Broad cyber espionage operation targets Barracuda appliances
A recap of some of the major stories in cybersecurity
A roundup of some of the noteworthy developments in the cybersecurity landscape, encompassing the latest vulnerability discoveries and emerging attack trends. Here are this edition's top stories -
↘️ European regulators have hit Meta with a $1.3 billion fine, the largest ever brought under the European Union’s General Data Protection Regulation (GDPR) rules, for transferring Facebook users’ data from the block to servers in the U.S., which lacks a stringent privacy law.
Meta has also been ordered to halt transatlantic data transfers to the U.S. within five months, although it may not have to take that extreme step should a new regulatory framework for international data transfers come into effect later this year. In addition, the ruling gives Meta six months to stop handling data it previously collected, which could mean deleting all that content or moving them back to Europe. The case against Meta stems from U.S. policies that give intelligence agencies the ability to intercept digital communications from abroad. [CyberScoop / WIRED / The New York Times / The Hacker News]
↘️ A product called Echo, made by the Israel-based Rayzone Group, is using ad data intended for marketers to help authorities track people through their mobile phones. [Bloomberg]
↘️ 28-year-old IT security analyst Ashley Liles has pleaded guilty for piggybacking on a cyberattack incident targeting the IT firm he was employed at back in 2018 to extort his employer by “altering the original blackmail email and changing the payment address provided by the original attacker” in an attempt to divert any ransom payments to himself.
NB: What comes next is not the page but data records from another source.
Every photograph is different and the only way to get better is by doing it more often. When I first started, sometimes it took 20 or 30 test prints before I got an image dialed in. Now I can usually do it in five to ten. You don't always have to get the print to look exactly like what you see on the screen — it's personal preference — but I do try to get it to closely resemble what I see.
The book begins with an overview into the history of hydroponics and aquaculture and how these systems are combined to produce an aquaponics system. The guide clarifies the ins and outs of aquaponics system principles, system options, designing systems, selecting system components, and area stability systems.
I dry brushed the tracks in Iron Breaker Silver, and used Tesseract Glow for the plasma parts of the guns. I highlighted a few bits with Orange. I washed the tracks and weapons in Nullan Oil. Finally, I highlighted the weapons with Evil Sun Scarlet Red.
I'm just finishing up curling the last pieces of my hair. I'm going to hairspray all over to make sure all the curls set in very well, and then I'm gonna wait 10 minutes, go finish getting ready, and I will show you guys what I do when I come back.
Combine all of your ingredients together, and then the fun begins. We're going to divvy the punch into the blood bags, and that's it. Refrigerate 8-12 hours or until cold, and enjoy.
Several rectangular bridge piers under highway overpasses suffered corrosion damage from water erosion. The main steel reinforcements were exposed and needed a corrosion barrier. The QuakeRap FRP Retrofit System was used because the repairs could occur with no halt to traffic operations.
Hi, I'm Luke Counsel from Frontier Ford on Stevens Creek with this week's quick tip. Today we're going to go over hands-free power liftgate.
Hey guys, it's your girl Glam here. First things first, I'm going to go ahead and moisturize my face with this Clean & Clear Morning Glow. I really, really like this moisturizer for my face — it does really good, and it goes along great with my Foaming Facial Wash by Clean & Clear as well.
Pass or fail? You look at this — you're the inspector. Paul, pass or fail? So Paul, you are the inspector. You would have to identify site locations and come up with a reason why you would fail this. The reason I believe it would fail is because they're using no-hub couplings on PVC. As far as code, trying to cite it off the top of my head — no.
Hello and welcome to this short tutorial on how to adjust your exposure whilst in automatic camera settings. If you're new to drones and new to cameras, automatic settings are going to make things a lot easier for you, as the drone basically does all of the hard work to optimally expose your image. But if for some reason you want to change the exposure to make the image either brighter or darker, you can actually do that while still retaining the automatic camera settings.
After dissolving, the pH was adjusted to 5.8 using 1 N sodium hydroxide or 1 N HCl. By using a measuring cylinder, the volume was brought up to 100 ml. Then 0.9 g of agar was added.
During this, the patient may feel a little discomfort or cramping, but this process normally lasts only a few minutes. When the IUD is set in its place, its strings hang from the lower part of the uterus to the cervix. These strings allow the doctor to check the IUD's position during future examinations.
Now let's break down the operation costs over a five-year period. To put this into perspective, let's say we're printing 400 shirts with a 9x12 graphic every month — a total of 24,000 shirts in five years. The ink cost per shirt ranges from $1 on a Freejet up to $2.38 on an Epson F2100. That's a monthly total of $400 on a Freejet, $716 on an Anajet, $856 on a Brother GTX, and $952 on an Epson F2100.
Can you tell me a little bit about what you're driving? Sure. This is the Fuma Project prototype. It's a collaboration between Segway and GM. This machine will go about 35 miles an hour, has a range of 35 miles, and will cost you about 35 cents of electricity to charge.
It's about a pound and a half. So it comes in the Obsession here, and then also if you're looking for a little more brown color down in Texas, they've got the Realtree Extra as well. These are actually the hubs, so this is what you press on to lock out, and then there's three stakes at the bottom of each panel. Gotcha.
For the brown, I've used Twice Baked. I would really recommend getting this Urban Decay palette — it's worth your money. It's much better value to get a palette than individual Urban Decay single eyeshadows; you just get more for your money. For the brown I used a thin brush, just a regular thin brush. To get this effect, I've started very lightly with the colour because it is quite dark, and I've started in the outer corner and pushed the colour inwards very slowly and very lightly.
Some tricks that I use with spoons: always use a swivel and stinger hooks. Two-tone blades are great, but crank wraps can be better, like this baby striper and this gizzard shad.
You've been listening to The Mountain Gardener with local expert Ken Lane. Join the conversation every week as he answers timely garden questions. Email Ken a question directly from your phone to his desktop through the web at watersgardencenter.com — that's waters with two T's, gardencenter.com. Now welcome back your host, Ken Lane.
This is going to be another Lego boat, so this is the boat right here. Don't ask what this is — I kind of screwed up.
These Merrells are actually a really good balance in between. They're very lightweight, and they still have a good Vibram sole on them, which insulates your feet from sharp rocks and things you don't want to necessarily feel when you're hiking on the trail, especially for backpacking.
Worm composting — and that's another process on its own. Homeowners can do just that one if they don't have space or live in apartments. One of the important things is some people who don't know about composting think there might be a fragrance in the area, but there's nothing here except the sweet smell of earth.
This incident showcases the dangers posed by malicious insiders within organizations. [SEROCU]
↘️ U.S. government and federal law enforcement agencies disrupted networks used by foreign scammers to obtain fraud proceeds following a three-month campaign. These schemes, which included lottery fraud and romance scams, recruited individuals to act as money mules to receive funds from victims and transmit them to the perpetrators, many of whom are based overseas. [DoJ]
↘️ The U.S. Treasury Department has sanctioned four entities and one individual for engaging in malicious cyber activities on behalf of the North Korean government. This includes maintaining an army of illicit IT workers that have fraudulently gained employment in various firms around the world (chiefly China and Russia).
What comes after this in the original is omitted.